**Task details:** The line with "The Tiktoker gave" marks where to begin. Please copy it and each line after it to the end of the records below, exactly.

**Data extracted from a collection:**

-------

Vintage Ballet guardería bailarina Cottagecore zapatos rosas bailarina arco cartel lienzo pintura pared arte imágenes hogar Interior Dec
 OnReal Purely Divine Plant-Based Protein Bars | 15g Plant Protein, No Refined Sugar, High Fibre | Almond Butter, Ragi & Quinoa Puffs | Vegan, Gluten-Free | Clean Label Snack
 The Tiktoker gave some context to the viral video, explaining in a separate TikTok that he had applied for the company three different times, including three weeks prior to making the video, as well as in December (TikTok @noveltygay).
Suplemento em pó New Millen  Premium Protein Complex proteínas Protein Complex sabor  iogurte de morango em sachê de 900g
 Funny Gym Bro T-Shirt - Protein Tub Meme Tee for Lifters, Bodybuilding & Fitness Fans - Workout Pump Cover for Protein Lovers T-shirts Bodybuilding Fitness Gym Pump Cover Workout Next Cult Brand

-------

**Task response:**
 The Tiktoker gave some context to the viral video, explaining in a separate TikTok that he had applied for the company three different times, including three weeks prior to making the video, as well as in December (TikTok @noveltygay).
Suplemento em pó New Millen  Premium Protein Complex proteínas Protein Complex sabor  iogurte de morango em sachê de 900g
 Funny Gym Bro T-Shirt - Protein Tub Meme Tee for Lifters, Bodybuilding & Fitness Fans - Workout Pump Cover for Protein Lovers T-shirts Bodybuilding Fitness Gym Pump Cover Workout Next Cult Brand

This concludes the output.